Formulas with prescribed units

A physical quantity can be expressed as the product of a number and a physical unit. A formula expresses a relationship between physical quantities. A necessary condition for a formula to be valid is that all terms have the same dimension, meaning every term in the formula could be potentially converted to contain the identical unit (or product of identical units).

In the example above, for the volume of a sphere, we may wish to compute with r = 2.0 cm, which yields

V = \frac{4}{3}\pi(2.0 \mbox{ cm})^3 = 33.47 \mbox{ cm}^{3}.

There is vast educational training about retaining units in computations, and converting units to a desirable form, such as in units conversion by factor-label.

However, the vast majority of computations with measurements are done in computer programs with no facility for retaining a symbolic computation of the units.
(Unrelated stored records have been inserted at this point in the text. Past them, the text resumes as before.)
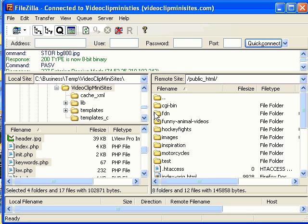Hi, it's Mike with VideoClipMiniSites.com and I just wanted to take a few minutes to show you how quick and easy it is to create a YouTube-like video site in any niche that you want.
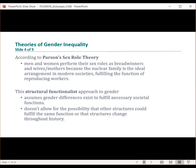Theoretical approaches to studying gender based in structural functionalism, such as Talcott Parsons' sex role theory, assume that gender differences exist to fulfill necessary functions in society, but do not allow for the possibility that other structures could fulfill the same function, or the fact that structures change throughout history.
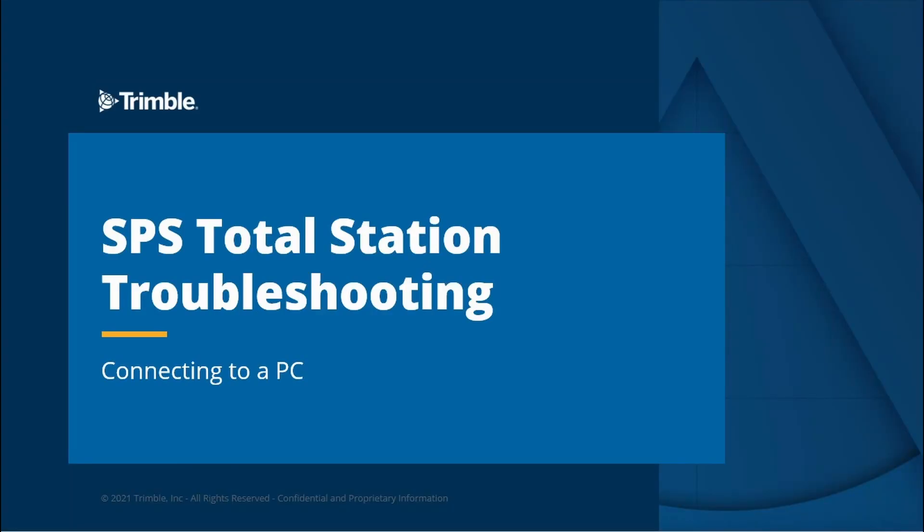This video will discuss how to connect an SPS total station to a PC so that you can load firmware or options, and we'll also describe some common connection issues and how to address them.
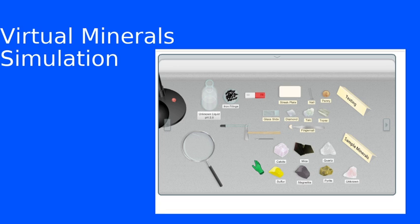Now just theoretically speaking, if I have a glass slide, if a mineral is softer than glass, it can't scratch the glass. If a mineral is harder than glass, it would scratch the glass.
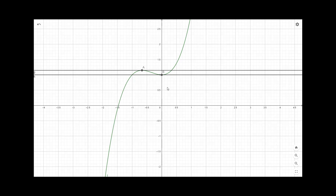This explains the difference between local and global maxima and minima for this function. One important thing to remember is that at the points of local maxima and minima, the tangent is parallel to the x-axis. Thank you.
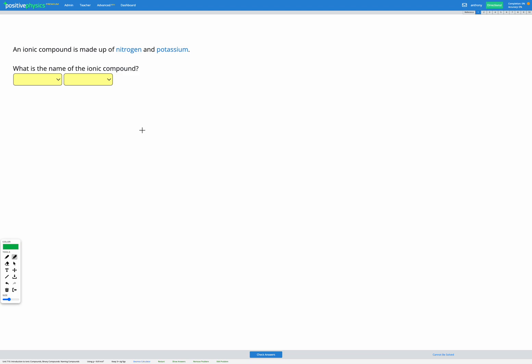In this question we have an ionic compound made up of nitrogen and potassium, and our goal is to figure out the name of the ionic compound. When we name ionic compounds there are two things to bear in mind. The first is the order — when choosing the name it's always the metal first and then the non-metal.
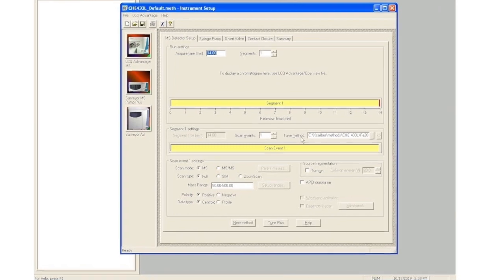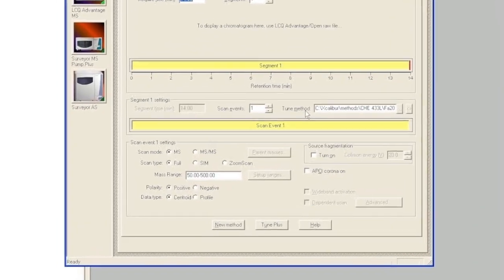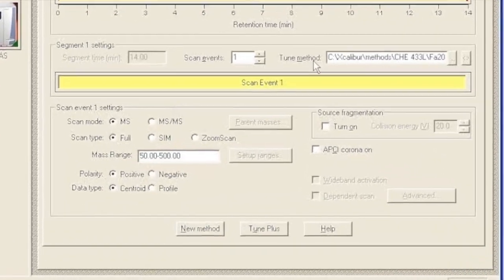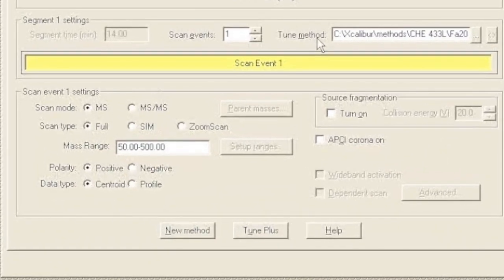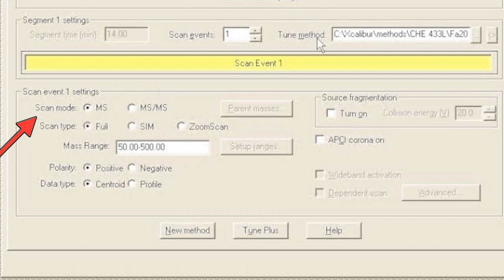Let's look more closely now at some of the more important parameters in the MS method. The first is the scan mode, which we want to have set to MS, and that's really just a normal mass spectrum. In a little bit we'll talk about MSMS, which is a fragmentation spectrum, but you want to start with your MS spectrum.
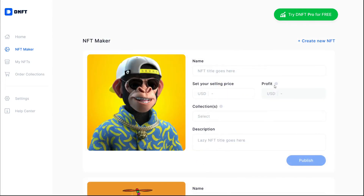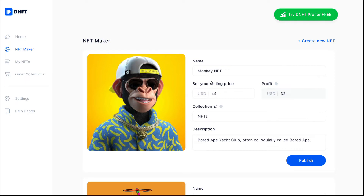Add details to the images like name and description, and choose the collections where you want to publish your image on your store. Set a selling price and you can see the profits that are based on your selling price minus the transaction costs to mint NFTs like gas fees. Once you're done, publish the image to your store.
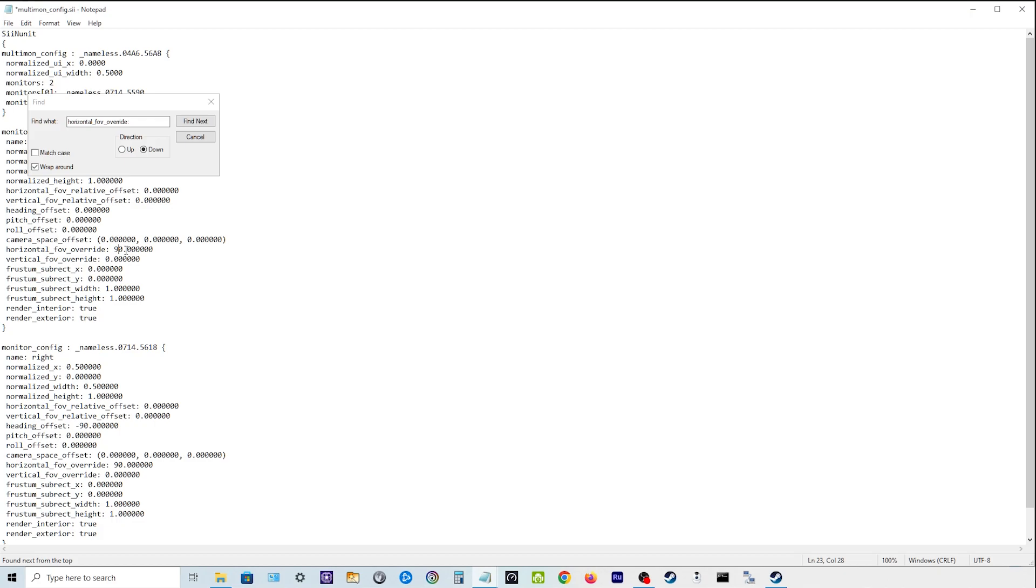Just simply take the 90 away and make it a 0. And you can do that with both. But let me just show you first what it looks like with, or what it looks like when you don't do anything to it.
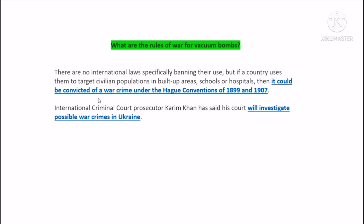It could be convicted of a war crime under the Hague Convention of 1899 and 1907. The Hague Convention act of 1911 designates the use of such weapons as a war crime.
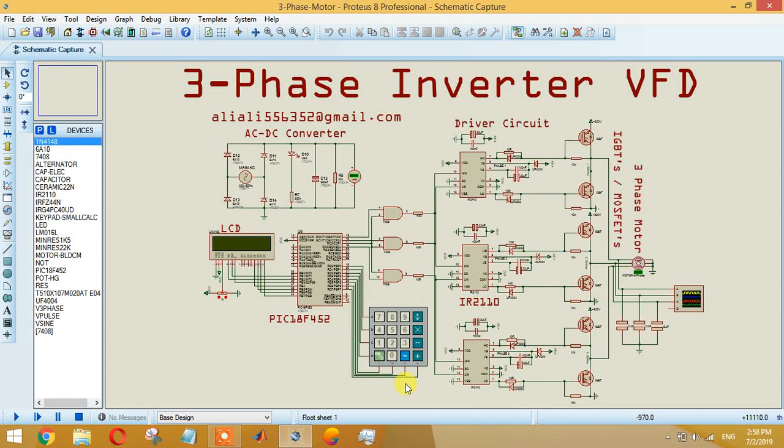Welcome to my YouTube channel, my name is Arsalan Karim. In today's lecture we will be discussing how to run a three-phase inverter or variable frequency drive using PIC18F452 as a controller. Before starting the video, please subscribe to the channel and if you like the content you can also click that like button at the end of the video.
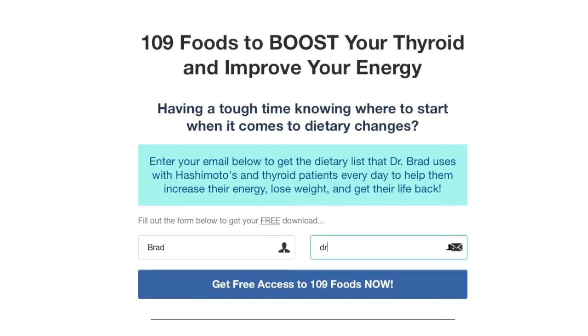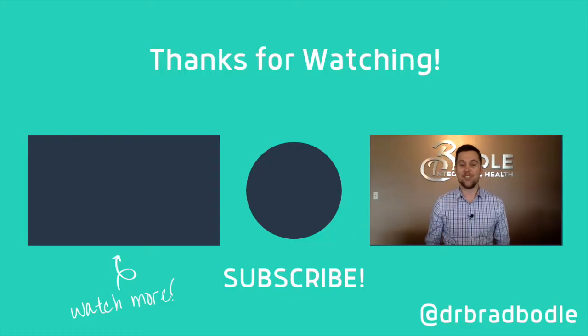To sum it up: doctors use TSH because it's the one that responds most readily to synthetic T4 medication, but unfortunately it doesn't always have a lot to do with how you feel. If you want to start taking control of your thyroid health but need a place to start, make sure you check out the link in the description box below for 109 foods to boost your thyroid and improve your energy. It's free to download and will give you a comprehensive list of the foods you should and shouldn't eat when dealing with thyroid conditions.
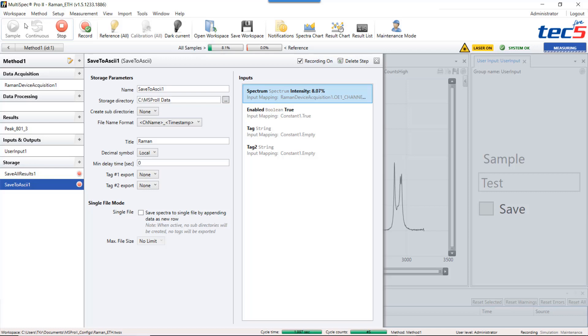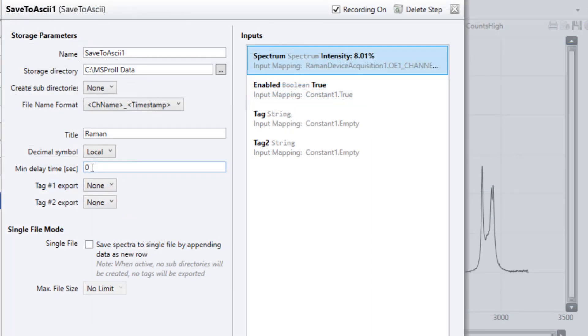In order to reduce the number of stored spectra you can use the minimum delay time. If you want to store a spectrum only every 10 minutes you enter a delay time of 600 seconds.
Only the numerical quantity is used in the computation. This requires that the universal formula be converted to a formula that is intended to be used only with prescribed units, meaning the numerical quantity is implicitly assumed to be multiplying a particular unit. The requirements about the prescribed units must be given to users of the input and the output of the formula.

For example suppose the formula is to require that V \equiv \mathrm{VOL}~\bold{tbsp}, where tbsp is the U.S. tablespoon (as seen in conversion of units) and VOL is the name for the number used by the computer. Similarly, the formula is to require r \equiv \mathrm{RAD}~\bold{cm}. The derivation of the formula proceeds as:

\mathrm{VOL}~\bold{tbsp} = \frac{4}{3} \pi \mathrm{RAD}^3~ \bold{cm}^3.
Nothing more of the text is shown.